Ela continuava olhando encantada para a menina já nos seus braços.
Conferia todos os detalhes daquele rostinho e constatava que era a versão que ainda não andava da garotinha do seu sonho.
Na tarde daquele dia, Maria Clara já sugava o leite materno e a mãe continuava encantada e agora falava sem parar com a filha.
Antes de completar um dia de vida a menina já sabia detalhes de tudo que a rodearia nesse mundão maravilhoso.
Sim, a mãe era bastante efusiva quando empolgada, e esse era o estado que predominava há meses.
Bom, a mãe cuidou de contar tudo, se a menina armazenou tanto conteúdo de uma vez, ninguém arriscava um palpite.
Para desespero da família, médico e enfermeiras ela não parava de falar.
A enfermeira perguntava sobre seu estado e ouvia como Maria Clara mamava bem.
O médico passou pelo quarto, queria saber se o intestino já tinha funcionado e ouviu a reclamação de que não tinham permitido que ela olhasse a fraldinha!
Com um sorriso sem graça e expressão de cansaço, ele explicou que perguntava sobre o funcionamento do intestino dela, da mãe que, afinal tinha passado por uma cirurgia.
Ela não disfarçou o quanto achou estranho o interesse, afinal, o que estava em foco era sua filha, ou não!?
- Não! – responderam ao mesmo tempo o marido e a irmã quando ela fez esse comentário após a saída do médico.
- Sua barriga está inchada, cheia de gases! – a irmã estava brava, ela notou.

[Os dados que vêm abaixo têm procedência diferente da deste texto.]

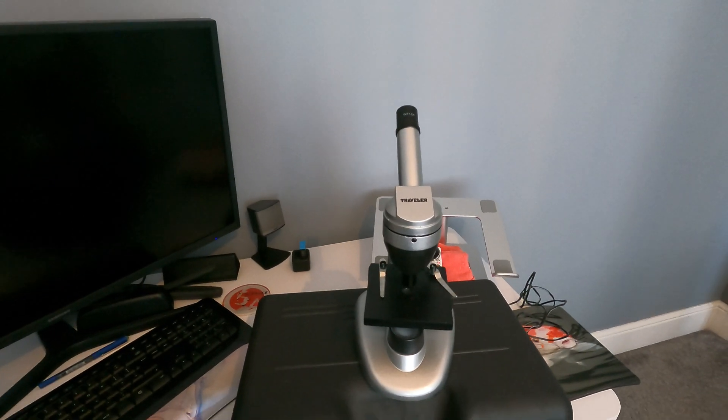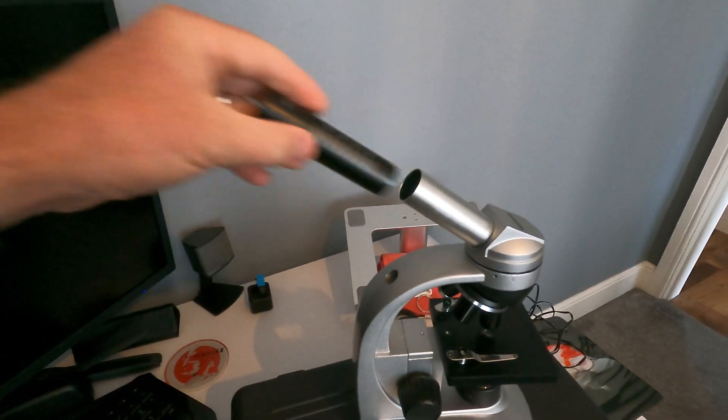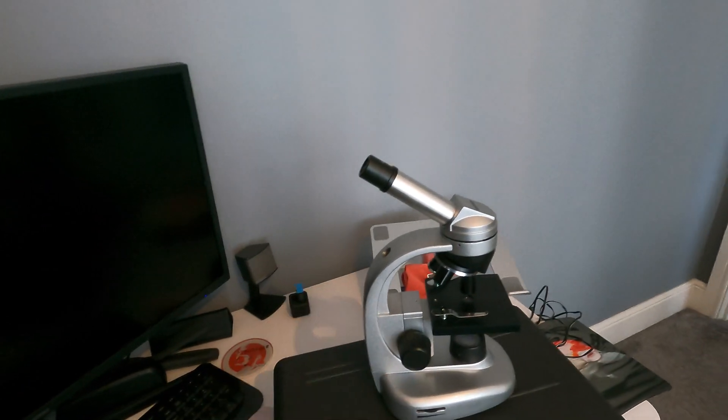We've got access to two microscopes in our house. We have one that we've had on permanent loan from Grandpa for quite some time — this Traveller one, believe it was from Aldi or Lidl. It's done the job for some time, but it did have a camera that you could watch on your PC screen. The drivers were for Windows 98 or Windows XP and they don't work with anything more modern. It's got a few problems — any slight movement and it's straight out of focus.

- Vai começar a ter dores se não parar de falar. E seu intestino tem que funcionar para evitar isso!
Ela permaneceu quieta alguns segundos e olhando sua barriga teve que admitir que estava um pouco estufada.
Dormiu logo, para alívio geral, mas algumas horas depois acordou com uma forte dor no peito.
Apavorada pedia ajuda ao marido, avisando que estava infartando. Tinha certeza que ia morrer e já chorava pelos filhos que ficariam sem a mãe.
Assustado o pobre saiu correndo pelo hospital agarrando quem conseguisse para que salvasse a mulher.
Por sorte encontrou a enfermeira já conhecida e ela, pegando uma espécie de badeja de remédios, foi imediatamente ao quarto.
Injetou um medicamento na veia e ajudou a "moribunda" a sentar na cama para tomar outro remédio via oral.
Olhando com ar de solidariedade para o marido que a observava assustado, explicou taxativa: Gases!
- Amanhã ela vai caminhar um pouco, falar menos. Por hoje o remédio fará efeito e logo ela estará melhor.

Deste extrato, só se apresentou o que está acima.